Schrittweise rechtliche Gleichstellung für Lesben und Schwule

7. August 2012, 18:16

Letzte Bastion der Diskriminierung ist die Adoption, wenn die vor dem Steuergesetz jetzt fallen sollte

Wie dieStandard.at an dieser Stelle ausführlich berichtet, hat sich eine Reihe von Abgeordneten der Union im deutschen Bundestag für eine steuerliche Gleichstellung der homosexuellen Lebenspartnerschaft mit der Ehe ausgesprochen. Sollte es dazu kommen, wären gleichgeschlechtliche Ehen rechtlich nur noch bei der Adoption von Kindern eingeschränkt.
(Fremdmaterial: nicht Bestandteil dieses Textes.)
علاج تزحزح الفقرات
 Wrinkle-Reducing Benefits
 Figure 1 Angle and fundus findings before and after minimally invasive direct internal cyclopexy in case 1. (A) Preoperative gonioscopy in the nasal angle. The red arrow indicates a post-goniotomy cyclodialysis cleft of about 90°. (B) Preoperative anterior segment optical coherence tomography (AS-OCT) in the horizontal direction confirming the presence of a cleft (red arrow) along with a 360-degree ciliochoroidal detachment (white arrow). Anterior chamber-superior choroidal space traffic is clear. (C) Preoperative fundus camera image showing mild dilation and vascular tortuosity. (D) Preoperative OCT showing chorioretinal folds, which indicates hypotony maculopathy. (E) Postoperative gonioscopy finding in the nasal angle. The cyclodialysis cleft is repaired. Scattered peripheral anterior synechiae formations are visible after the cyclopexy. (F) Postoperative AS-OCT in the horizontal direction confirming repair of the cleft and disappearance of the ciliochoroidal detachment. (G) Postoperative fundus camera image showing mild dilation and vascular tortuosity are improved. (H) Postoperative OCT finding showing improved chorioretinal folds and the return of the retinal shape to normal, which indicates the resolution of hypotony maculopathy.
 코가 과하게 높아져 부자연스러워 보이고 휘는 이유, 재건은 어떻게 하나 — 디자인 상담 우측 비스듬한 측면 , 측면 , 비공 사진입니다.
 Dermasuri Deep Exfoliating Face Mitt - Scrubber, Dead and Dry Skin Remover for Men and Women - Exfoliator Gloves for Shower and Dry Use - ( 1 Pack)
Schrittweise rechtliche

Schrittweise rechtliche Gleichstellung

Die Gleichstellung Homosexueller begann 1969 mit der ersten Reform des Sexualstrafrechts.

Mit der Strafrechtsreform von 1969 und einer weiteren 1973 wurde die Strafbarkeit homosexueller Handlungen zwischen erwachsenen Männern aufgehoben. Die weiterhin geltende Strafbarkeit solcher Handlungen mit männlichen Jugendlichen wurde erst 1994 ersatzlos gestrichen.

Im Zivilrecht stärkte der Bundesgerichtshof (BGH) erstmals 1984 das Recht auf das Zusammenleben Homosexueller: Weil es nicht mehr "sittlich anstößig" sei, zusammenzuwohnen, dürfe sich ein/e lesbische/schwuler VermieterIn auf Eigenbedarf berufen, wenn sie/er die Wohnung für sich und seine/n PartnerIn braucht.

2001 rechtliche Anerkennung von Partnerschaften

Im November 2000 beschloss die rot-grüne Bundesregierung gegen die Stimmen von Union und FDP das Lebenspartnerschaftsgesetz. Mit der zum August 2001 in Kraft getretenen Regelung wurden gleichgeschlechtliche Partnerschaften erstmals rechtlich anerkannt.

Zugewinngemeinschaft und Hinterbliebenenversorgung

Das Gesetz wurde 2005 von Rot-Grün sowie der FDP gegen die Stimmen der Union erweitert und führt für die PartnerInnen zu einer Reihe von Rechten und Pflichten wie unter EhegattInnen: Sie leben im Güterstand der Zugewinngemeinschaft (dabei bleiben die Vermögen der Eheleute getrennt und jede/r PartnerIn kann alleine über ihr/sein Vermögen verfügen; im Falle einer Scheidung wird der erwirtschaftete Zugewinn zur Hälfte geteilt) und haben nach einer Scheidung Anspruch auf einen Versorgungsausgleich oder nach dem Tod der/des PartnerIn Anspruch auf eine Hinterbliebenenversorgung.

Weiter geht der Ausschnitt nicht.